United we stand, divided we fall: Integrating Continuous Robot Motion Planning and Discrete Action Planning

12:00 noon, November 10, Tuesday, 2009, ENGR 4201

Speaker

Erion Plaku
Postdoctoral Fellow
Laboratory for Computational Sensing and Robotics
Johns Hopkins University

Abstract

Research in robotics has focused since its inception towards increasing the ability of robots to plan and act on their own in order to complete assigned high-level tasks.

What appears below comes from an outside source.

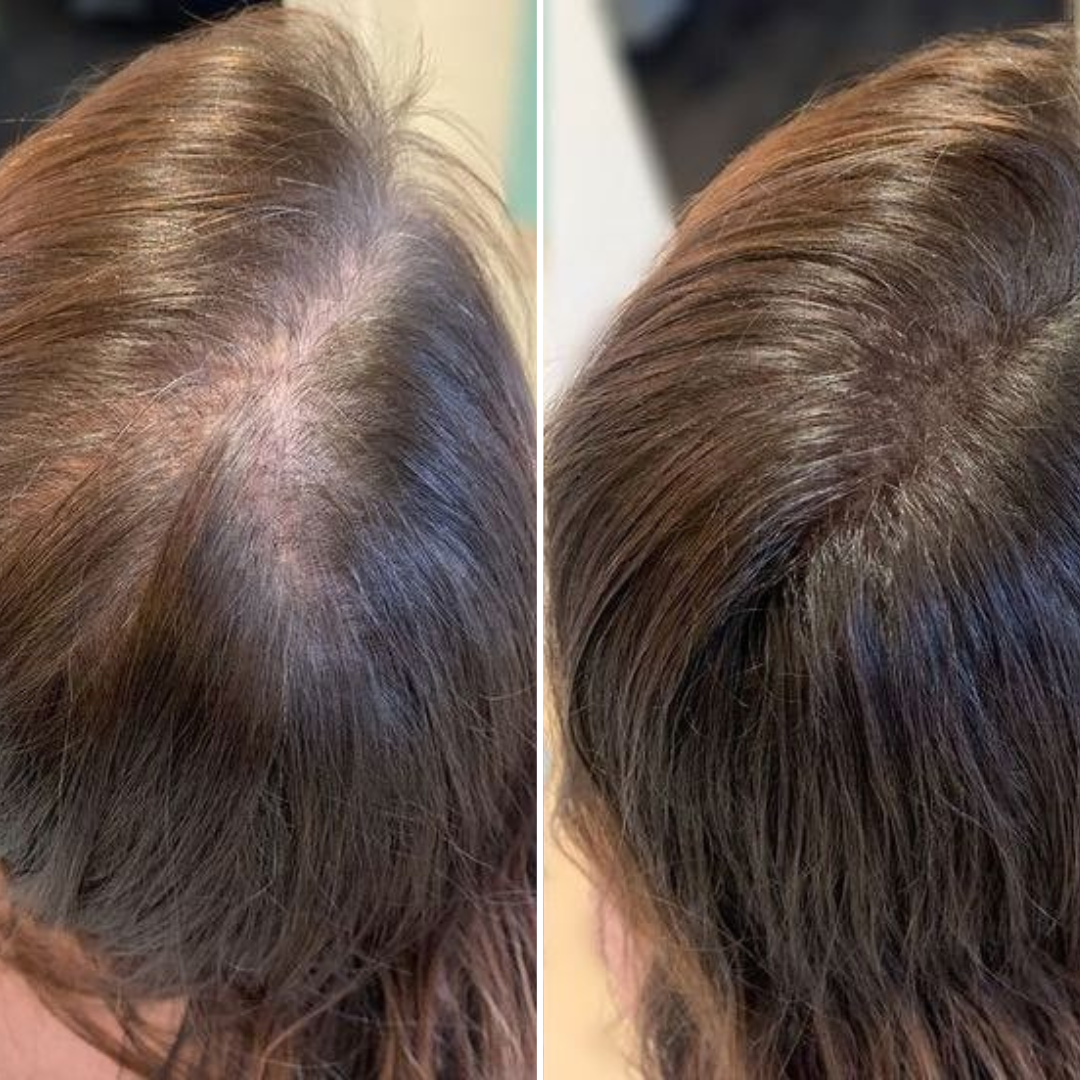Korean Exosome Hair Serum™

Toward this goal, this talk presents a multi-layered approach that automatically and efficiently plans the sequence of motions the robot needs to execute so that the resulting trajectory is dynamically feasible, avoids collisions with obstacles, and satisfies a given high-level specification. In distinction from traditional approaches in motion planning, the proposed approach can take into account sophisticated high-level specifications given by Finite State Machines, Linear Temporal Logic, STRIPS, Hidden Markov Models, and other planning-domain definition languages. Such expressive models make it possible to specify complex tasks that frequently arise in navigation, manipulation, robotic-assisted surgery, search-and-rescue missions. Initial validation in physics-based simulations with high-dimensional robotic models demonstrate significant computational speedups over related work and show the ability of the proposed approach to efficiently plan valid trajectories that satisfy complex high-level specifications.

Short Bio

Erion Plaku is a Postdoctoral Fellow at the Laboratory for Computational Sensing and Robotics at Johns Hopkins University. He received the Ph.D. degree in Computer Science from Rice University in 2008. His research focuses on motion planning and control of cyber-physical systems for human-machine cooperative or fully automatic task performance in complex domains. Some applications include robot navigation, manipulation, haptic exploration, and robotic-assisted surgery. His research interests encompass robotics, hybrid systems, AI, logic, data mining, and large-scale distributed computing.